For instance, half of the public cannot choose the right definition for the government’s budget deficit from a multiple-choice question, meaning that when journalists use terms like inflation, GDP, or deficit, they are alienating around 50 per cent of the public.

Dr Knowles says the event will focus on the need to report economic policy in a way the broad public can understand.

She added: “To put it simply, there is little public and journalistic synergy about some economic terms, which can have drastic consequences for the way the current crisis is being framed, and the anxiety it can cause our most vulnerable members of society.”

The event has been sponsored by the MP for Hammersmith and Shadow Solicitor General Andy Slaughter, and brings together a range of perspectives.

Guests will include MPs, members of the House of Lords, charities including Nuffield and Economy, journalists from the Financial Times and Independent, think tanks and policy institutes such as the Centre for Progressive Policy. The Director of the International Institute of Inequalities at the London Stock Exchange and MDX Professors of Journalism, Yasmin Alibhai-Brown and Kurt Barling will also be in attendance.

Community organisations including lnclusive London and CommUNITY Barnet will offer the voices of people with lived experience. Dr Knowles said: “Without them our theory and research will never be relevant or brought to life. They offer the most authentic version of peer-review. They were an invaluable asset to my research last summer, and the only way to ensure we develop a discourse that is truly inclusive.

“I'm always aware that big complex issues and questions require interdisciplinary work, so a lot of my research endeavours try to cross disciplines and break down silos. This event is doing exactly the same thing - bringing together a range of perspectives to bridge sectors and generate a productive discussion that is relevant for practice and public policy.”

Julie Pal, CEO at CommUNITY Barnet, emphasised the importance of the public having confidence in their understanding of economic information presented by the media.
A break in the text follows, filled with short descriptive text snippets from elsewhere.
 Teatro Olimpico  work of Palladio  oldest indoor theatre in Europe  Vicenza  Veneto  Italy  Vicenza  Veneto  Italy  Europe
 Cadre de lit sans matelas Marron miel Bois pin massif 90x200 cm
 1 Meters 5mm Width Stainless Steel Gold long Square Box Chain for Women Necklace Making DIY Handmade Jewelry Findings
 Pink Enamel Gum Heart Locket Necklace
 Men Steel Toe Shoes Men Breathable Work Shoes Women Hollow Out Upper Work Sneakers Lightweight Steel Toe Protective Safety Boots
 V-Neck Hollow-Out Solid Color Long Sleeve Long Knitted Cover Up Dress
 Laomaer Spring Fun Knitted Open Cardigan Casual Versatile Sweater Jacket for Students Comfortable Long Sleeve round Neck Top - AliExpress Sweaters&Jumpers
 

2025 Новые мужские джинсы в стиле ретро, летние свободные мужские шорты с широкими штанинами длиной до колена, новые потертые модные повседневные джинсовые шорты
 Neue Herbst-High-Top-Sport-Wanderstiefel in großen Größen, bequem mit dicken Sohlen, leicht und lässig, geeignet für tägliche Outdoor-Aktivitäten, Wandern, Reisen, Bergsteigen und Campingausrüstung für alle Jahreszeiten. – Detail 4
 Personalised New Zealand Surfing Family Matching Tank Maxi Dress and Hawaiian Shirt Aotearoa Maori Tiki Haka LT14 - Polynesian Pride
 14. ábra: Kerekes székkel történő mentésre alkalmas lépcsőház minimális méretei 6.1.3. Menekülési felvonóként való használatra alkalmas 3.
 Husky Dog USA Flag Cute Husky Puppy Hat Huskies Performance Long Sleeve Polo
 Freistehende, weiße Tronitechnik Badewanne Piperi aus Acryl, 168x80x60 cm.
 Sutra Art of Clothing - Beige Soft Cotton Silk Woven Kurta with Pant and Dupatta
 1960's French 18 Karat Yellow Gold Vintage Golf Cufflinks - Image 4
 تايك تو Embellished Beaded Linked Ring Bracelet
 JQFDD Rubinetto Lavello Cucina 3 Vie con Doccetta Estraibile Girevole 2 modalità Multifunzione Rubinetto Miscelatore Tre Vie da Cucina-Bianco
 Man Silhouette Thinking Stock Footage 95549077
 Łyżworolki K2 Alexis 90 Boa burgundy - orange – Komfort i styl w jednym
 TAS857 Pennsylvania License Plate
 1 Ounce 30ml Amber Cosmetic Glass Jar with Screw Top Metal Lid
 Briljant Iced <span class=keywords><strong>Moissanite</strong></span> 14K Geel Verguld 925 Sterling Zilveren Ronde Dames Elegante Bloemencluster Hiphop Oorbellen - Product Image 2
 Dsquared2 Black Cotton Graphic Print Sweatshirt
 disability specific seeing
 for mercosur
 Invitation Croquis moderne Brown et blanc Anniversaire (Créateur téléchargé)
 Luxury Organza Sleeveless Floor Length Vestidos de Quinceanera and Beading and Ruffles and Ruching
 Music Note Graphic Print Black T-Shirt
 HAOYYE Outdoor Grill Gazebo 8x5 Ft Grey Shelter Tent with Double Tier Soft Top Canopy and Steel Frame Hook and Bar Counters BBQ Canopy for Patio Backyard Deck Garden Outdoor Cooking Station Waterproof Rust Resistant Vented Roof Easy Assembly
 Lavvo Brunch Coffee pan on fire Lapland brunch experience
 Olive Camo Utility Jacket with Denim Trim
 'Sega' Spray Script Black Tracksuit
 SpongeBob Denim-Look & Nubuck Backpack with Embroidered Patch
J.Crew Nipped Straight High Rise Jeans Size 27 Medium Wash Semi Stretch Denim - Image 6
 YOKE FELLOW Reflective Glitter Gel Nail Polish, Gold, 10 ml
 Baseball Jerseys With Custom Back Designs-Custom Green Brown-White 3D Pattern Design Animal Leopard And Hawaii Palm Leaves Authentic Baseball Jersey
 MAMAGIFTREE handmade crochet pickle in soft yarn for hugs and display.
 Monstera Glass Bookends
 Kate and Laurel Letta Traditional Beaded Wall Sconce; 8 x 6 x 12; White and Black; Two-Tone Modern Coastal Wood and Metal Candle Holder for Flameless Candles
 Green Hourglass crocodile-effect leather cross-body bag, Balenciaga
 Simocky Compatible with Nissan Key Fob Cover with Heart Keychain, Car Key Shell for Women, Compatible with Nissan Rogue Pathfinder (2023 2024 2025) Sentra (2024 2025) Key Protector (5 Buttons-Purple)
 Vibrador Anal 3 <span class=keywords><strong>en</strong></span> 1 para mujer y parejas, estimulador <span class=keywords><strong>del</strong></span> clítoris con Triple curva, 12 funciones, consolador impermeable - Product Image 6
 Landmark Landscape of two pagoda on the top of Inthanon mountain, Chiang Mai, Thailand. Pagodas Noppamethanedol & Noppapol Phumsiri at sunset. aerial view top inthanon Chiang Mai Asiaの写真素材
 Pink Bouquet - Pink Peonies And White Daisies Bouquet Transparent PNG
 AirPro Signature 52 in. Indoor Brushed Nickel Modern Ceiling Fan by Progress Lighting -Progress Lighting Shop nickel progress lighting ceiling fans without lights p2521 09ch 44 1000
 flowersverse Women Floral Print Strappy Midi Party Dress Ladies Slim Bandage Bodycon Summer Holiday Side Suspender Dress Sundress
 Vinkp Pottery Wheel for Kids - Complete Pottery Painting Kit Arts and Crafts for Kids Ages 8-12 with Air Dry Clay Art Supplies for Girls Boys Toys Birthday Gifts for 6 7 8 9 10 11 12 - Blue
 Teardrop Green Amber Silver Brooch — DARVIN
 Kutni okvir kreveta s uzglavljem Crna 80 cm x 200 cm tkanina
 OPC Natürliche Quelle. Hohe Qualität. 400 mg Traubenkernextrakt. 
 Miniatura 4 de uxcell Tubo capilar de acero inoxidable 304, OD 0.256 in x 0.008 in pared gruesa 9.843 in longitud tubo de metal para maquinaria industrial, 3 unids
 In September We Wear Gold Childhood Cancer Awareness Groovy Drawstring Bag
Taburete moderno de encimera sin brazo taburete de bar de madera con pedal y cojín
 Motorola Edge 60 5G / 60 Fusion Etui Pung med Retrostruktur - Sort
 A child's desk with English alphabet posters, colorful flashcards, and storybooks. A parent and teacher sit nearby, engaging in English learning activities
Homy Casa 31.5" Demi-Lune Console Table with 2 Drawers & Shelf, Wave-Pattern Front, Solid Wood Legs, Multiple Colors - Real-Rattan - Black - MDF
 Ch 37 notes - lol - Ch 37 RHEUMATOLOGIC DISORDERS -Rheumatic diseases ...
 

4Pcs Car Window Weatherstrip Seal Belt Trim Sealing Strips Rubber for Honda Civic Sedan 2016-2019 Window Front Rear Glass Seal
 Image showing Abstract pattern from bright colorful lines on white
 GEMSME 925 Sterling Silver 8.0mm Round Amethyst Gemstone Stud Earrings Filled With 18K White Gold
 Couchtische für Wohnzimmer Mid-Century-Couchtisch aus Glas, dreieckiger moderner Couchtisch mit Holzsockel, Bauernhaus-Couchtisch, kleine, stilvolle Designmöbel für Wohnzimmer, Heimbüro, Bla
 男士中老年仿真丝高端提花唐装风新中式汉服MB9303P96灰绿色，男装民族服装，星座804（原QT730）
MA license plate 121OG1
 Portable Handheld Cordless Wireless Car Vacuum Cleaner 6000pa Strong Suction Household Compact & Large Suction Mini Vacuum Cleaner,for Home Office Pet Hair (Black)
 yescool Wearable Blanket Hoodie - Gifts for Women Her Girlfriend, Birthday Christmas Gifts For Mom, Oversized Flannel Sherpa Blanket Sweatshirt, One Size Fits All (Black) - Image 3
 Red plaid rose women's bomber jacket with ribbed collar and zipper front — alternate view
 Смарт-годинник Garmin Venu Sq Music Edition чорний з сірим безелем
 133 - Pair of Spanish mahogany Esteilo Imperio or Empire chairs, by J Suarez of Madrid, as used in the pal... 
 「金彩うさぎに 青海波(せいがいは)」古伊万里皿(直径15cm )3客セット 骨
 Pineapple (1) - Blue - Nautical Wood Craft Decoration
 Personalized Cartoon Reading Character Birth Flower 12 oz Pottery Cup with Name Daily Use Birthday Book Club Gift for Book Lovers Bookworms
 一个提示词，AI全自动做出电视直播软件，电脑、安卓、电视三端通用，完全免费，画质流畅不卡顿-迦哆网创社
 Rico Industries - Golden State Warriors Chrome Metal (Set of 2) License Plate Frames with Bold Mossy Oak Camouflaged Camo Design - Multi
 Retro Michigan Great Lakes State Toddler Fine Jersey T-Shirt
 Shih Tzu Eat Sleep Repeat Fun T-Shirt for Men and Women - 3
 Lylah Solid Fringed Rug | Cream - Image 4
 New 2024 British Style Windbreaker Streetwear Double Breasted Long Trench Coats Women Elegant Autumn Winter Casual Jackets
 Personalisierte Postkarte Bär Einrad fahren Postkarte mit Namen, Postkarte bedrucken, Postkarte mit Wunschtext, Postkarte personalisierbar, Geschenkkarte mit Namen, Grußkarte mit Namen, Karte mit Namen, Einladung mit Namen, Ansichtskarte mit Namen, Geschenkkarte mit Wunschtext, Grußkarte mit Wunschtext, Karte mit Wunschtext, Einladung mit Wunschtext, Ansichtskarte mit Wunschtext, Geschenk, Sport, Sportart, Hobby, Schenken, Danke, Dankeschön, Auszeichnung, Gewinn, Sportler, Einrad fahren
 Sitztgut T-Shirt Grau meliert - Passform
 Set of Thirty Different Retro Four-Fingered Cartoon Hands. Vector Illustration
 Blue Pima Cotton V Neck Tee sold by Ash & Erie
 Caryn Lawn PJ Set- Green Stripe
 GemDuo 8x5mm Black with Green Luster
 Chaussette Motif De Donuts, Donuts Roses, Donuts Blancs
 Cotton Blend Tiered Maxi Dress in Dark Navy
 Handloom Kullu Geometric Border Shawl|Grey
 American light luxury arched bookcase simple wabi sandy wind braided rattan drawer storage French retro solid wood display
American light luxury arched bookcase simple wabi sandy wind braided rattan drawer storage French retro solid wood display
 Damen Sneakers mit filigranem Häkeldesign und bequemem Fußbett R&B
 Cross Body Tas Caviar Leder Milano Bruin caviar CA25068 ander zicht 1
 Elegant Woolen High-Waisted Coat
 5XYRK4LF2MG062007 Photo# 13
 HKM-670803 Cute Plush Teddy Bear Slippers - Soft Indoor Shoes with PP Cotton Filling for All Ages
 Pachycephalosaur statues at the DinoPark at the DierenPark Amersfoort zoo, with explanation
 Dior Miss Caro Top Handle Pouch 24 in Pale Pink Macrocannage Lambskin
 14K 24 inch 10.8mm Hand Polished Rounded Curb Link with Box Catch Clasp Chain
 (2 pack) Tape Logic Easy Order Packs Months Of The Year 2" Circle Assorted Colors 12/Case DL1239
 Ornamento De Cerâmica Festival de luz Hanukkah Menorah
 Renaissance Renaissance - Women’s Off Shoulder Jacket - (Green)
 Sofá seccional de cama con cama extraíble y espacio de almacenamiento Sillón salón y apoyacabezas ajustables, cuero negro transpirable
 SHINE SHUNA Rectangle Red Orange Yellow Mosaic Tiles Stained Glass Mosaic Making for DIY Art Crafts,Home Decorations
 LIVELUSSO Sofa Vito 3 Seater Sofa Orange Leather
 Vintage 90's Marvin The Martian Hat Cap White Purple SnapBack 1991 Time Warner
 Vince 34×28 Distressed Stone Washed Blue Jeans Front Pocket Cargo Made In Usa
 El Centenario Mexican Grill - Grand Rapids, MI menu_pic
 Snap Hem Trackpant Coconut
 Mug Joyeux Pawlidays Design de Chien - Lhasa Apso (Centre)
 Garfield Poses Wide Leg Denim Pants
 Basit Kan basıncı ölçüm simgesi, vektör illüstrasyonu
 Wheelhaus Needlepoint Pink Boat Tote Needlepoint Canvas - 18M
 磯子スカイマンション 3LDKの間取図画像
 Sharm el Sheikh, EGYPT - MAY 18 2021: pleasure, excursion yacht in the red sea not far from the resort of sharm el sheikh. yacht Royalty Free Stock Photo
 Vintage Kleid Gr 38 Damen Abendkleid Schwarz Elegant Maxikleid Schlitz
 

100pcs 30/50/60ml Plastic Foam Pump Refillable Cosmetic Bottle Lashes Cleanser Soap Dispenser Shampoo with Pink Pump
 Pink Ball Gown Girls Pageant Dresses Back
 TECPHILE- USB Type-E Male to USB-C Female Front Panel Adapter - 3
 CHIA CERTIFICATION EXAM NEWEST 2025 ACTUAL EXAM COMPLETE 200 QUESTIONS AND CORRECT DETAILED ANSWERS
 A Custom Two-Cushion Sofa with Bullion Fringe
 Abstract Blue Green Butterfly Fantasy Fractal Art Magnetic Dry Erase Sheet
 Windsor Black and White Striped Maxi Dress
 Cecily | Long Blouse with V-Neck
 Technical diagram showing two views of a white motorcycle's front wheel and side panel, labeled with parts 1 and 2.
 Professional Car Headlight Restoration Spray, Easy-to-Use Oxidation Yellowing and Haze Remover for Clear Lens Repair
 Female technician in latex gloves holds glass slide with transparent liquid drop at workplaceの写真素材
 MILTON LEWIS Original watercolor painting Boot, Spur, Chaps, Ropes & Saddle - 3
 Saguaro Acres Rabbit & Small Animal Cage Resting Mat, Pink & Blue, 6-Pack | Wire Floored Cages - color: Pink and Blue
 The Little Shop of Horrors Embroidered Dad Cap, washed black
“The work we are doing in partnership with the University will be instrumental in making information more accessible which will empower people to make proactive financial decisions,” she said.

Steve Schifferes, visiting Professor in journalism at MDX, and co-editor of the book, said: “Our research has shown that there has been a significant shift in the public mood since the Covid pandemic, with more concern over inequality and more support for measures to tackle unequal wealth and income.

“We urgently need a better dialogue between journalists, campaigners and ordinary citizens in order to improve their understanding and engagement with this key issue.”